Again, I ask for the same leniency as the defendants got, your Honour, to allow for some time for me to lodge the relevant documents.
[66] ts 13, 23 February 2021.
[67] ts 14, 23 February 2021.
[68] ts 14, 23 February 2021.
There was a discussion between the Magistrate and Mr Williams about the impact of the non-compliance by Ms Sadeghpour, which ultimately led to Mr Williams making a further adjournment application:[69]
[69] ts 15 - ts 16, 23 February 2021.
WILLIAMS, MR: I would have time to prepare a counter, but they had six months to prepare theirs to my witness statements.
HER HONOUR: Well, I'm at a loss to know that you've had one, two, three, four, five, six witness statements quite properly lodged for and on behalf of you, Mr Williams, on 12 August 2020. It doesn't include a witness statement from you. And that was in accordance with the Registrar's earlier orders. You understand your case is doomed to fail if you don't lead any evidence.
WILLIAMS, MR: Yes, your Honour. That's why I was asking for an adjournment.
HER HONOUR: But what is an adjournment - - -
WILLIAMS, MR: So I can get my case together. Even if it's for a shorter period, your Honour.
HER HONOUR: On what basis? What more are you going to do, given that you've had since August you lodged, 12 August you lodged the other witness statements, in 2020.
WILLIAMS, MR: Well, my witness statement may take their statements into account.
HER HONOUR: Are you making another adjournment application, are you?
WILLIAMS, MR: Yes, your Honour.
HER HONOUR: On what basis?
WILLIAMS, MR: To pull my – summons my witness.
HER HONOUR: And why didn't you summons them before?
WILLIAMS, MR: Because I was waiting to prepare my case till I had their witness statement and if they had have lodged it on time, I would have had five months to prepare, whereas I've only had one business day.
HER HONOUR: Why were the defendant's witness statements so critical to your case?
WILLIAMS, MR: They would have done their witness statements - they would have done their statements based –worked through my statements, then work back to - - -
HER HONOUR: You either have a case or you don't have a case.
WILLIAMS, MR: I have a case.
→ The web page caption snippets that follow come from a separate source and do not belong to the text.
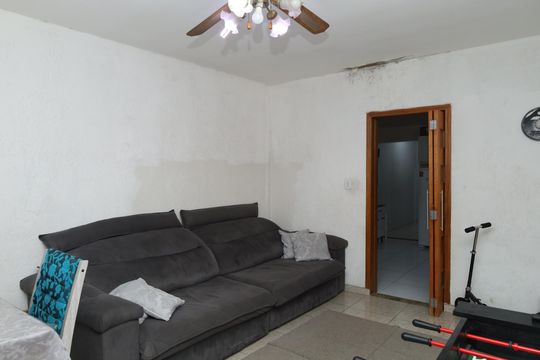 Sala de casa para alugar com 3 quartos, 160m² em Conjunto Residencial José Bonifácio, São Paulo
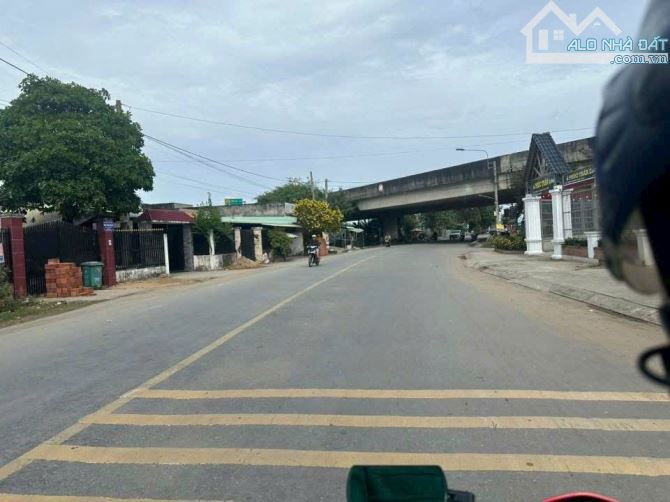2100m2 Thạnh Đức Bến Lức đường thông xe tải SHR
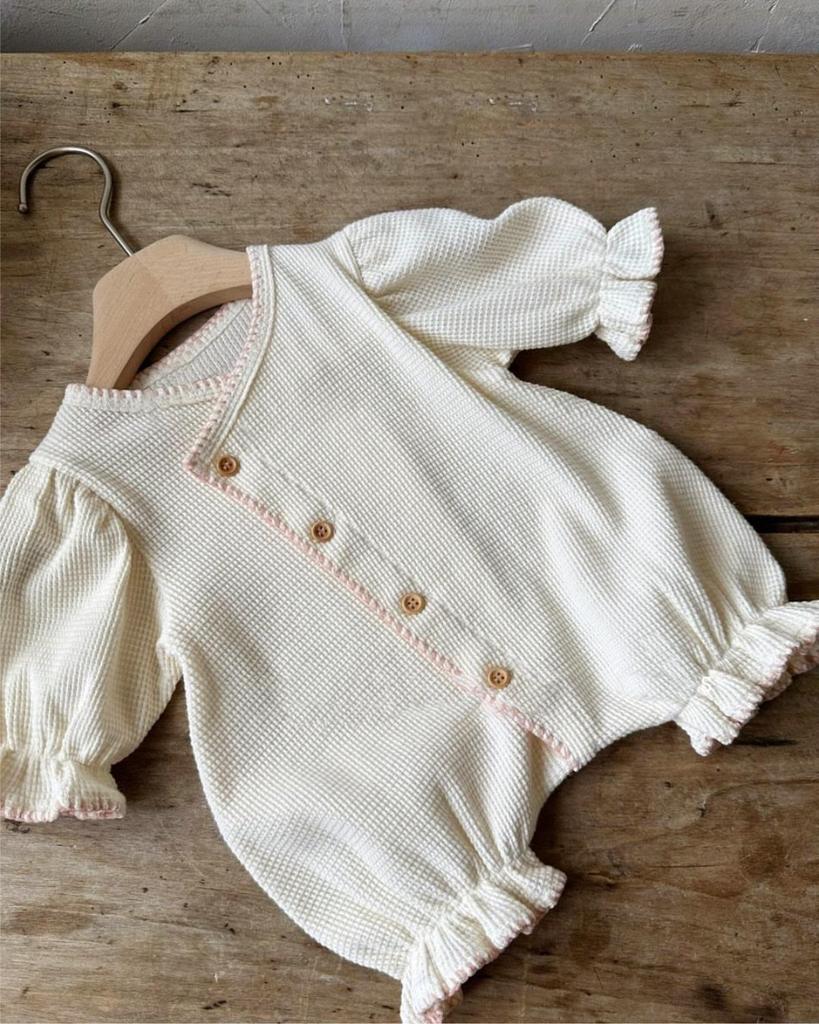 2026 Детский ромпер с вафельной текстурой и рукавами-фонариками - Весенний наряд для девочки с однобортным дизайном и подгузником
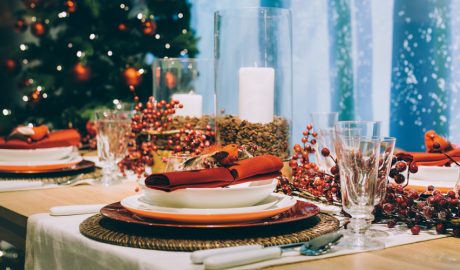 Una taula amb un centre de Nadal elaborat amb plantes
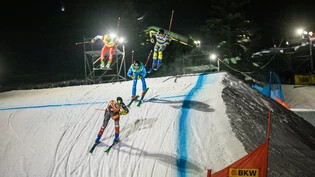 Am Montag in Einsatz: Die Athletinnen und Athleten werden die Sprintstrecke in Arosa bei Nacht unter die Ski nehmen.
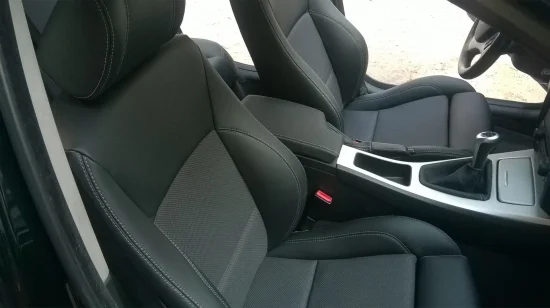 BMW E91 Кожен Салон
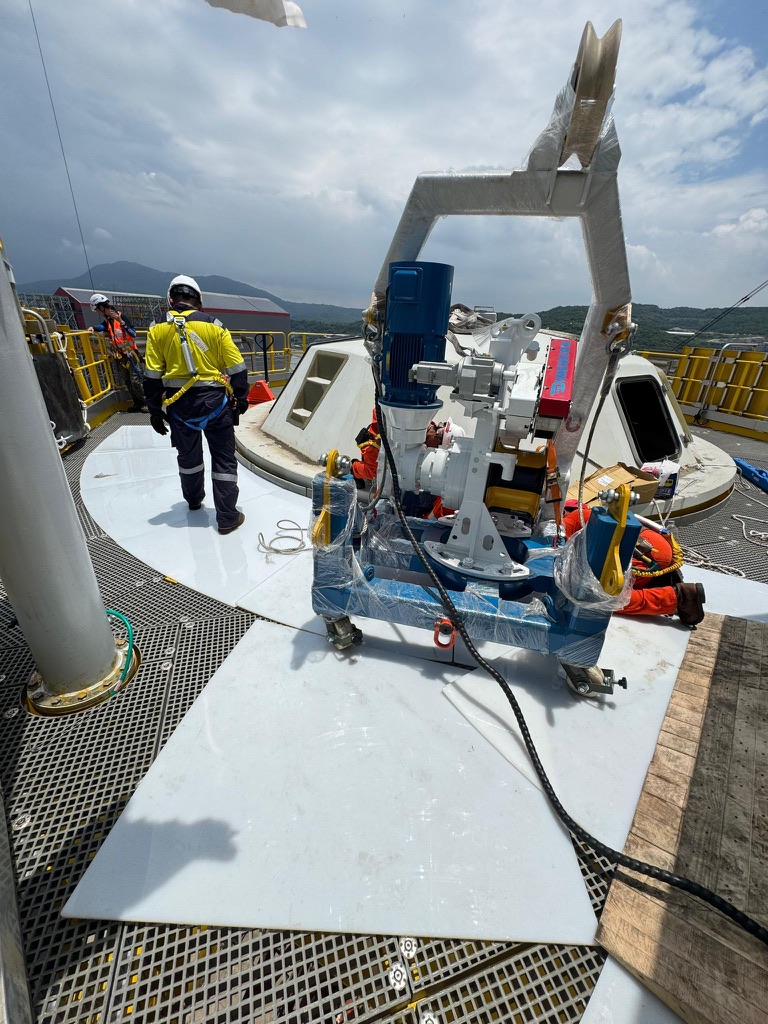 MacGregor crane installation on the OSS deck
I think I have strong - -
HER HONOUR: But you need to prove it.
WILLIAMS, MR: I think I have strong evidence.
HER HONOUR: Well, where is it? You've had months to prepare it. It's not good enough, Mr Williams.
Ms Sadeghpour again opposed the adjournment.[70] It appears that both Ms Sadeghpour and Mr Williams had been having issues coming up with funds for their lawyers which was the underlying cause of the delays.[71]
[70] ts 17, 23 February 2021.
[71] ts 18 - ts 20, 23 February 2021.
The Magistrate again refused to adjourn the trial, stating:[72]
So nothing is going to change in the next couple of months. My job is to make sure that there's a fair trial. A fair trial means giving you the opportunity. Whether you take up the opportunity to bring witnesses or bring documents is entirely a matter for you. I feel, given the way this matter has proceeded, there's very little that would be achieved through an adjournment.
…
All right. Well, I think there's very little point in having an opening and closing in relation to your case, Mr Williams, if you're not calling any evidence or producing any documents. And for the purpose of the record, I don't propose that it's appropriate that the matter be adjourned so that you can summons your witnesses.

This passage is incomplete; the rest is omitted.